[Collected data]
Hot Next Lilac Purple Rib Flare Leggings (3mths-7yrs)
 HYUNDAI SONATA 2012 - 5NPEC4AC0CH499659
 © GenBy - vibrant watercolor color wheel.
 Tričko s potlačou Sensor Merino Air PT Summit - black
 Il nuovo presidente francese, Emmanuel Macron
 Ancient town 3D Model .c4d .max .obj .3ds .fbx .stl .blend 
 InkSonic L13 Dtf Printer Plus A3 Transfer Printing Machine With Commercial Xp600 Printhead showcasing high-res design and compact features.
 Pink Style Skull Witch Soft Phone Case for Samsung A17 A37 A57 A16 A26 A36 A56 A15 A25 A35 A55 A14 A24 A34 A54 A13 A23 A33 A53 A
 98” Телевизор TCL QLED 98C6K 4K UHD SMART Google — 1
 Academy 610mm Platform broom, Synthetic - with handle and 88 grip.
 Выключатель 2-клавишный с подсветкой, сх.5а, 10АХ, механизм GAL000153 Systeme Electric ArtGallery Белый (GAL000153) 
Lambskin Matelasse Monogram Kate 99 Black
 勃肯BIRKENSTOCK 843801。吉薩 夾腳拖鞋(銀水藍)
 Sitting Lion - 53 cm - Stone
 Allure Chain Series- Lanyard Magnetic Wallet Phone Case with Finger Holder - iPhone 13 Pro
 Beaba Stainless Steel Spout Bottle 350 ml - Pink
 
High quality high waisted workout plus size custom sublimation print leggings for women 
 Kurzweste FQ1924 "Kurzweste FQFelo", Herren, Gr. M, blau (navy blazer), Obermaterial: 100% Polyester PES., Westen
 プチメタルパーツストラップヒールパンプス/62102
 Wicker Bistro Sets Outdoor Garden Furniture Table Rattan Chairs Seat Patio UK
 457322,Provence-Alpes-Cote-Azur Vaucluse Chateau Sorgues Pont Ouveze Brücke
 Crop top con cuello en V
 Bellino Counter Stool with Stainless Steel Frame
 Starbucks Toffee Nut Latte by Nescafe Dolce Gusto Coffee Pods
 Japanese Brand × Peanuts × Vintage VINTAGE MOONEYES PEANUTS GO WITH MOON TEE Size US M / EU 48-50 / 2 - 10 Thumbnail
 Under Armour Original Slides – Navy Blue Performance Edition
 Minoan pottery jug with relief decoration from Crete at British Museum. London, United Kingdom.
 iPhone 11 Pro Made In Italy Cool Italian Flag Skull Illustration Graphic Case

What is being asked: Repeat the data verbatim.

Solution to the exercise:
Hot Next Lilac Purple Rib Flare Leggings (3mths-7yrs)
 HYUNDAI SONATA 2012 - 5NPEC4AC0CH499659
 © GenBy - vibrant watercolor color wheel.
 Tričko s potlačou Sensor Merino Air PT Summit - black
 Il nuovo presidente francese, Emmanuel Macron
 Ancient town 3D Model .c4d .max .obj .3ds .fbx .stl .blend 
 InkSonic L13 Dtf Printer Plus A3 Transfer Printing Machine With Commercial Xp600 Printhead showcasing high-res design and compact features.
 Pink Style Skull Witch Soft Phone Case for Samsung A17 A37 A57 A16 A26 A36 A56 A15 A25 A35 A55 A14 A24 A34 A54 A13 A23 A33 A53 A
 98” Телевизор TCL QLED 98C6K 4K UHD SMART Google — 1
 Academy 610mm Platform broom, Synthetic - with handle and 88 grip.
 Выключатель 2-клавишный с подсветкой, сх.5а, 10АХ, механизм GAL000153 Systeme Electric ArtGallery Белый (GAL000153) 
Lambskin Matelasse Monogram Kate 99 Black
 勃肯BIRKENSTOCK 843801。吉薩 夾腳拖鞋(銀水藍)
 Sitting Lion - 53 cm - Stone
 Allure Chain Series- Lanyard Magnetic Wallet Phone Case with Finger Holder - iPhone 13 Pro
 Beaba Stainless Steel Spout Bottle 350 ml - Pink
 
High quality high waisted workout plus size custom sublimation print leggings for women 
 Kurzweste FQ1924 "Kurzweste FQFelo", Herren, Gr. M, blau (navy blazer), Obermaterial: 100% Polyester PES., Westen
 プチメタルパーツストラップヒールパンプス/62102
 Wicker Bistro Sets Outdoor Garden Furniture Table Rattan Chairs Seat Patio UK
 457322,Provence-Alpes-Cote-Azur Vaucluse Chateau Sorgues Pont Ouveze Brücke
 Crop top con cuello en V
 Bellino Counter Stool with Stainless Steel Frame
 Starbucks Toffee Nut Latte by Nescafe Dolce Gusto Coffee Pods
 Japanese Brand × Peanuts × Vintage VINTAGE MOONEYES PEANUTS GO WITH MOON TEE Size US M / EU 48-50 / 2 - 10 Thumbnail
 Under Armour Original Slides – Navy Blue Performance Edition
 Minoan pottery jug with relief decoration from Crete at British Museum. London, United Kingdom.
 iPhone 11 Pro Made In Italy Cool Italian Flag Skull Illustration Graphic Case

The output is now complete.